SEC Charges Us Investor Mark Cuban With Insider Dealing

The US authorities are investigating the entrepreneur's disposal of 600,000 Mamma.com shares prior to a stock offering
American internet entrepreneur Mark Cuban, said to be worth close to $3bn, has been charged with insider dealing by the Securities and Exchange Commission.

Cuban, who owns the NBA basketball team the Dallas Mavericks, has been accused of selling 600,000 shares in the internet search engine Mamma.com after learning privately that the business was planning a stock offering. The SEC said that by disposing of the shares ahead of a public announcement, he avoided paper losses of $750,000.

Cuban, 50, was a co-founder of Broadcast.com, an audio and video streaming business that started out focused on basketball games, and was a star of the first internet boom. At the peak of the market in April 1999, he and his partners sold it to Yahoo for $5.7bn.

Cuban remains a celebrity in the United States, even appearing on Dancing with the Stars on ABC.

He is now chairman and a co-founder of HDNet, a home shopping channel in the United States, as well as being an investor in a clutch of technology firms; a co-owner of Magnolia Pictures, the film studio behind releases including Man on a Wire and Redacted; and owner of the US arthouse cinema chain Landmark Theatres.

According to the complaint filed by the SEC, Mamma.com invited Cuban to participate in the stock offering in June 2004, after he agreed to keep the information confidential. The offering was a private placement at a discount to the share price at the time and would have been dilutive to existing investors. Cuban was then the biggest shareholder with a stake of around 6.3%.

The SEC alleges that within hours of receiving the information, Cuban called his broker and told him to sell his entire stake. When the stock offering was later announced, the Mamma.com share price fell more than 9%.

Scott Friedstad, deputy director of the SEC's enforcement division, said it was "fundamentally unfair for someone to use access to nonpublic information to improperly gain an edge in the market."
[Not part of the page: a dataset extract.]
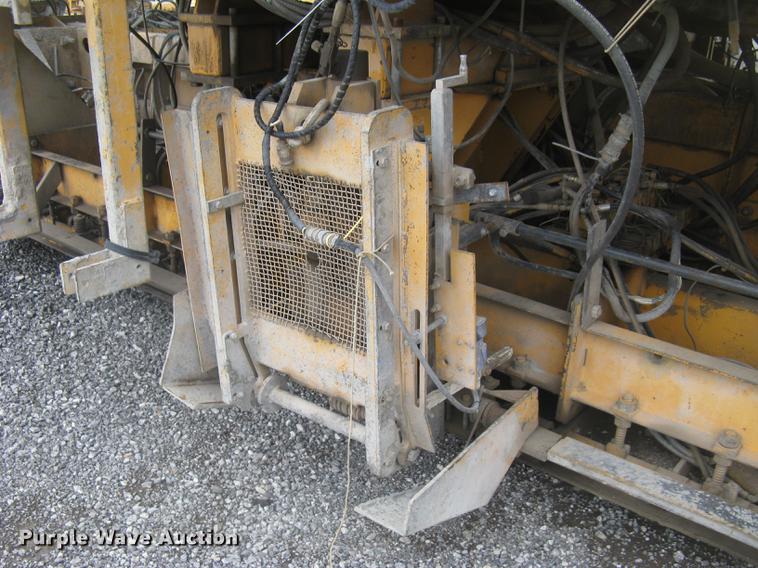 image for item DC2290 2002 CMI SF3002 paver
The SEC hopes to impose a fine and disgorgement of the losses Cuban avoided by selling the shares. Lawyers for Cuban could not immediately be reached for comment.
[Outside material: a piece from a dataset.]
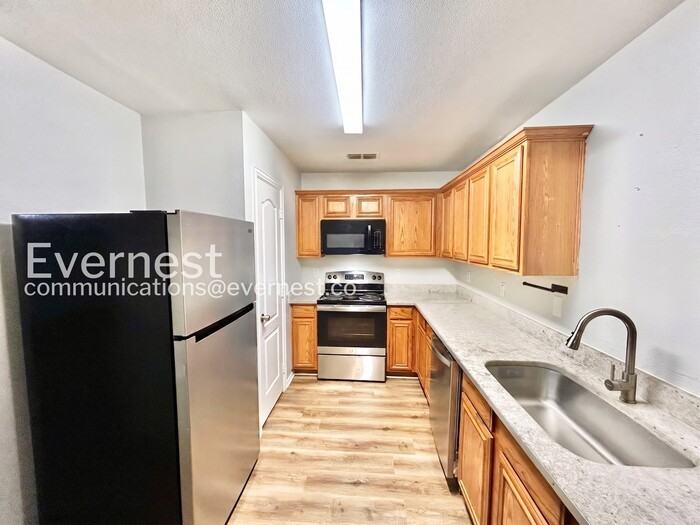 306 Ezekial Ave - Photo 2 of 23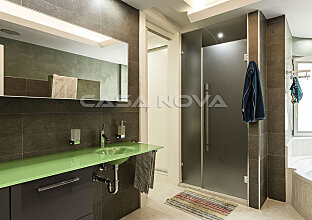 Ref. 2402874 | Large bathroom with bathtub and shower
According to the SEC, Cuban became angry when the Mamma.com chief executive told him over the phone of the plan to issue further shares, because the plan would be dilutive. But at the end of the call, Cuban is alleged to have said; "Well, now I'm screwed. I can't sell." The complaint includes several internal e-mails referring to the conversation with Cuban, one of which said he "flew off the handle" as anticipated.

Mamma.com, based in Montreal, last year changed its name to Copernic and is quoted on the Nasdaq exchange in the US.